--- START ---

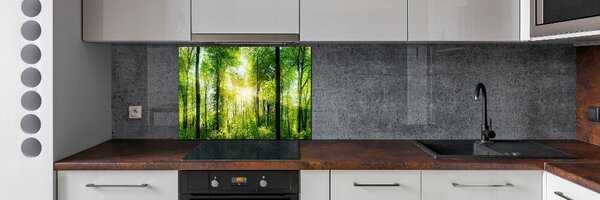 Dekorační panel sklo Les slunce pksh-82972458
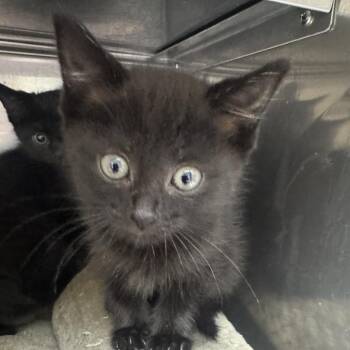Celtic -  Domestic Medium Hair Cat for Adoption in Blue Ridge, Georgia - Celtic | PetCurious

--- END ---
--- START ---

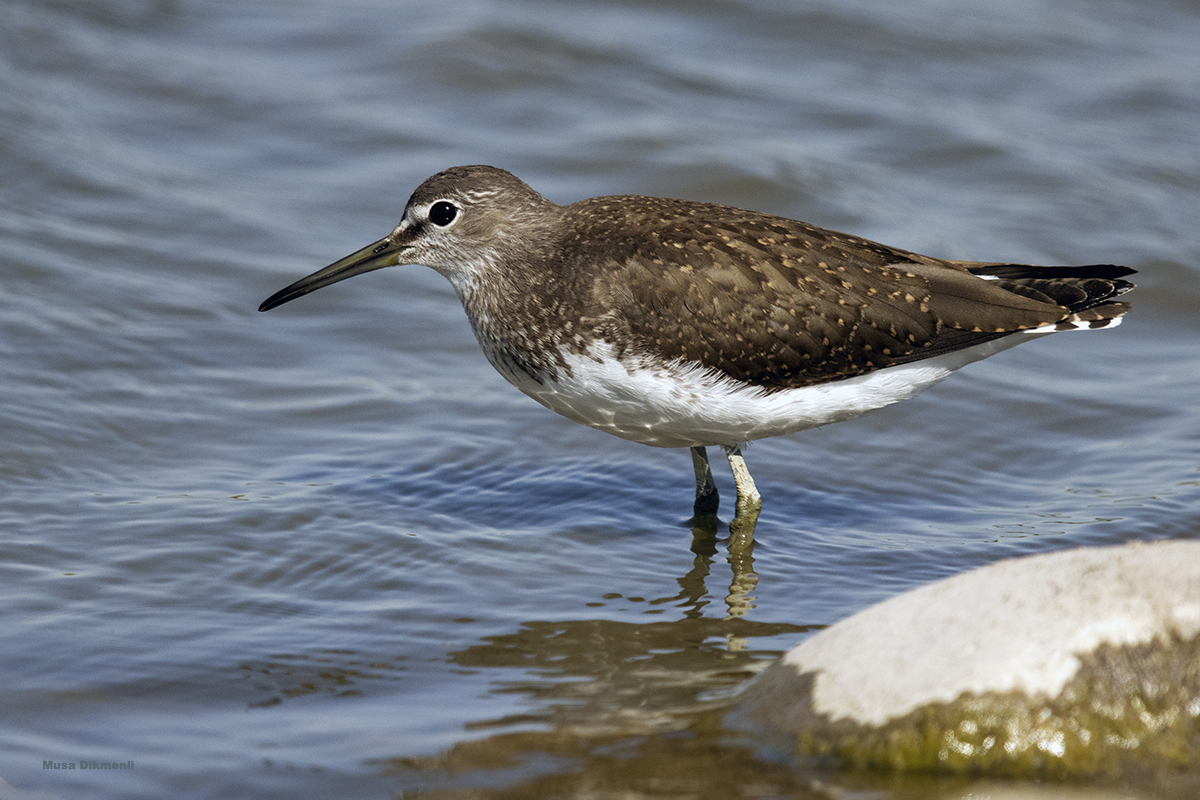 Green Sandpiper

--- END ---

◆ Task to complete ◆
Transcribe, word for word, the lines of the listing above from the one that contains "Dekorační panel sklo" through the one that contains "Celtic | PetCurious", keeping both ends and dropping the pictures.

◆ Answer section ◆
 Dekorační panel sklo Les slunce pksh-82972458
Celtic -  Domestic Medium Hair Cat for Adoption in Blue Ridge, Georgia - Celtic | PetCurious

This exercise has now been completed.